WHAT YOU HAVE TO DO:
Set down again exactly the lines of the listing below that fall between the line holding "Joint N-11 Money Back Guarantee" and the line holding "3Pcs Kitchen Tongs", inclusive.

SUPPLIED DATA:
========================

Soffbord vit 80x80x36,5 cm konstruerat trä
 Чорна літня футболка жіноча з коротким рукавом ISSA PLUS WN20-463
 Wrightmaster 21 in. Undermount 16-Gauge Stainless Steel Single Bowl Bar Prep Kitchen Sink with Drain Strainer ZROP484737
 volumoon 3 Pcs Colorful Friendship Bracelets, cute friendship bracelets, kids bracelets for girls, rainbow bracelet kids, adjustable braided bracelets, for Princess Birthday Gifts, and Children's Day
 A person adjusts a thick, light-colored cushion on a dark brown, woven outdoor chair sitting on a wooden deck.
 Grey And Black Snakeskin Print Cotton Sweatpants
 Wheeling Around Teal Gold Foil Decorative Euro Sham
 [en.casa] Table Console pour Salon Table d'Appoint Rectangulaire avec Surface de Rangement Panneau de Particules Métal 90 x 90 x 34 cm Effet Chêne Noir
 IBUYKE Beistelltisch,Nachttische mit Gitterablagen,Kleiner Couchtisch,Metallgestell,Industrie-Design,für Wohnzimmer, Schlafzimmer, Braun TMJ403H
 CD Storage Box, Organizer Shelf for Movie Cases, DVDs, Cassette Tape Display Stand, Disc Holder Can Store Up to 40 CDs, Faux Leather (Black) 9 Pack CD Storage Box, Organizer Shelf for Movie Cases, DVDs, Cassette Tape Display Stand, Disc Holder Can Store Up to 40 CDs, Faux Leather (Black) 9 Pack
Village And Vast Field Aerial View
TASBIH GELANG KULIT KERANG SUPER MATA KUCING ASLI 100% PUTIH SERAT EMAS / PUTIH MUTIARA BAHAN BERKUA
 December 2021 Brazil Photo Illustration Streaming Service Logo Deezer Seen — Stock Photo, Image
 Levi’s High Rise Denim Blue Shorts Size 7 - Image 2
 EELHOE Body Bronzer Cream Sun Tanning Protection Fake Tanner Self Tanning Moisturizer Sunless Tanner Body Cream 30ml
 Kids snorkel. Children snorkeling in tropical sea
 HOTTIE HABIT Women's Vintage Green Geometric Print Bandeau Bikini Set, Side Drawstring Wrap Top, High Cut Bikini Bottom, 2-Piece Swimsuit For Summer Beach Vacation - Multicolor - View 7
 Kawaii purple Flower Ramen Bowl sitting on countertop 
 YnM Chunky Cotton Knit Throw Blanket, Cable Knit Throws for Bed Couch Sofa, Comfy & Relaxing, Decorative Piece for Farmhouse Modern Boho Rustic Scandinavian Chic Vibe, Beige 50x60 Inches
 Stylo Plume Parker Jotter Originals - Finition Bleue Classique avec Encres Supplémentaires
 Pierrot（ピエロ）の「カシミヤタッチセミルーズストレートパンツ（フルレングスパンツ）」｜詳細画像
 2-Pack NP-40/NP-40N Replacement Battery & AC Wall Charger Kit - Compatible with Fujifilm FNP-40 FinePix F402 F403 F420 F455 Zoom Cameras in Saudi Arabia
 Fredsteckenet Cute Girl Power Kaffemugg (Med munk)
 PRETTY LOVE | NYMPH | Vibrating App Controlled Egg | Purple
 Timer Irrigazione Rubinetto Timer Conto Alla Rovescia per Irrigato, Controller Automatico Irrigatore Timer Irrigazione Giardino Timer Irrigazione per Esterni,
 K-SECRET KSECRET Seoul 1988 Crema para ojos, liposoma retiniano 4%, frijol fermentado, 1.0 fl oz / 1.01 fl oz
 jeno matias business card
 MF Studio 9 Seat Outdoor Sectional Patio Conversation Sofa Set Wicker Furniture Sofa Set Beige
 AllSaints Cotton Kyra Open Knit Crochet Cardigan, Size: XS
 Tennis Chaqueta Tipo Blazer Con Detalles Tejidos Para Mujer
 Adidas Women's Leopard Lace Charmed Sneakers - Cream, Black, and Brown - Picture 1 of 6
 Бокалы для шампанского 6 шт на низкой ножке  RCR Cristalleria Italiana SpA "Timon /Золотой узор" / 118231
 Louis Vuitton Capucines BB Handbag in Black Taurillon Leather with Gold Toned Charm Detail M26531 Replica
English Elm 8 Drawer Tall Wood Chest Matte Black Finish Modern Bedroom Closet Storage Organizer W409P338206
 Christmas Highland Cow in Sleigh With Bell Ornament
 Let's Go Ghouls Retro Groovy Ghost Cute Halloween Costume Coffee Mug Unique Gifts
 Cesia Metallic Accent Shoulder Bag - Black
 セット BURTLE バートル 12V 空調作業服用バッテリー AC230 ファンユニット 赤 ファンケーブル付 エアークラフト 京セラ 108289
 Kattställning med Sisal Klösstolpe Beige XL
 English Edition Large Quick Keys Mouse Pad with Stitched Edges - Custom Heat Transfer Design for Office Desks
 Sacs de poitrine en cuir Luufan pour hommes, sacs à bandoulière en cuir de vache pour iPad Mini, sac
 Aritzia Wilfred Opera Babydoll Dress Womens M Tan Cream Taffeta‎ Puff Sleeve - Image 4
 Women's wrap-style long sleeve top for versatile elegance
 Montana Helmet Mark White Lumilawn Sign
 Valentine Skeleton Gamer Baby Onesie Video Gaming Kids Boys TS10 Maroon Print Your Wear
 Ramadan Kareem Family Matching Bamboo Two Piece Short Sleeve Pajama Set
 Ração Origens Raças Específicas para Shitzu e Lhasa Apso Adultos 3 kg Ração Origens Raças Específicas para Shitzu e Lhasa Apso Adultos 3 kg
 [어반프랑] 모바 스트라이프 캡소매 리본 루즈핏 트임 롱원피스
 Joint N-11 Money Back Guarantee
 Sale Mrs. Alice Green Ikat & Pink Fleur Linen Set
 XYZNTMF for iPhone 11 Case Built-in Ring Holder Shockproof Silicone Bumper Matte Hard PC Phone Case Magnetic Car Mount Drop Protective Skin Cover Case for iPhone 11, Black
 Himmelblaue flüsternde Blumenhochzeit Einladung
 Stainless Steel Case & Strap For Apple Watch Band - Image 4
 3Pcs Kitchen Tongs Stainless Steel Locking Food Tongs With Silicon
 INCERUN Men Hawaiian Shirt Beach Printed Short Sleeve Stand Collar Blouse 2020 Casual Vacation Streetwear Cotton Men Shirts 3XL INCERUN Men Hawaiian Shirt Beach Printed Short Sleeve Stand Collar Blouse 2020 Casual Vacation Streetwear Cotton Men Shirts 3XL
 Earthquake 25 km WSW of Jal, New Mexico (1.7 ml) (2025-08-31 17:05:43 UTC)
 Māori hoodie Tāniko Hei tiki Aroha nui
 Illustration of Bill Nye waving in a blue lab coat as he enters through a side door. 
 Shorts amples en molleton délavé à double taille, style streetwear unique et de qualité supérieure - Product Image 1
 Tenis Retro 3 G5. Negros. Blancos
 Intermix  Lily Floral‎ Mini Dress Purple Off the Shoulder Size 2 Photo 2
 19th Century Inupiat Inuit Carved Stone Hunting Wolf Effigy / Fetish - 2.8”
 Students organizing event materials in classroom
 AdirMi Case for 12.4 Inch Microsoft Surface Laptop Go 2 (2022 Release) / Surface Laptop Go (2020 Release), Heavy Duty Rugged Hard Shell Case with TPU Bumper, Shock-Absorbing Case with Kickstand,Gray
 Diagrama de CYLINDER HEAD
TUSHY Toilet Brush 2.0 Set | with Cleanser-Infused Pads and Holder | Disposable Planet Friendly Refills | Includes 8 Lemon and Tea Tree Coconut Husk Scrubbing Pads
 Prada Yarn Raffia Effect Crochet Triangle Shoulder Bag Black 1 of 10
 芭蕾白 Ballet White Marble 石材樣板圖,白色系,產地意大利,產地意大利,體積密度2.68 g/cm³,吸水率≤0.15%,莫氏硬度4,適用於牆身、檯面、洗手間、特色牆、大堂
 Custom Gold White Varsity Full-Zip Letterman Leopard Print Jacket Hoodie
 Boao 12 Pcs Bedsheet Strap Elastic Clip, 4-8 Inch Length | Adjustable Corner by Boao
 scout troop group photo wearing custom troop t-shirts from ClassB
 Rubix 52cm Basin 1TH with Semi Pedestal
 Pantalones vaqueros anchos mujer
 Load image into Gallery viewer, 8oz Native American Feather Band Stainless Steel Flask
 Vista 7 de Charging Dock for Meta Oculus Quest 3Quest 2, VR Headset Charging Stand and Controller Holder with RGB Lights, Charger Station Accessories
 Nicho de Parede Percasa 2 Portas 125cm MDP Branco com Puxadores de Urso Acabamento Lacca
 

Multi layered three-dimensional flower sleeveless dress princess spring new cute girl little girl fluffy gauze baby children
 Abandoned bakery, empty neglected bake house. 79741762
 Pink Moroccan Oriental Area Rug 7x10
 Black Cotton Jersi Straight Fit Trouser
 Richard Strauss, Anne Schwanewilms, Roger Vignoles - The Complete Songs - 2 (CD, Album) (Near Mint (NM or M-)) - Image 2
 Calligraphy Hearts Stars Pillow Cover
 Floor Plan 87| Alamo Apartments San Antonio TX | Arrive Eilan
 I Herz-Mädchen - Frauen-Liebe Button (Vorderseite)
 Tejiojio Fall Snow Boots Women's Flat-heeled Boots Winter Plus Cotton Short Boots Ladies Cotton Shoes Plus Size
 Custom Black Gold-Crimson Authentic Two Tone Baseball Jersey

========================

TASK RESPONSE:
 Joint N-11 Money Back Guarantee
 Sale Mrs. Alice Green Ikat & Pink Fleur Linen Set
 XYZNTMF for iPhone 11 Case Built-in Ring Holder Shockproof Silicone Bumper Matte Hard PC Phone Case Magnetic Car Mount Drop Protective Skin Cover Case for iPhone 11, Black
 Himmelblaue flüsternde Blumenhochzeit Einladung
 Stainless Steel Case & Strap For Apple Watch Band - Image 4
 3Pcs Kitchen Tongs Stainless Steel Locking Food Tongs With Silicon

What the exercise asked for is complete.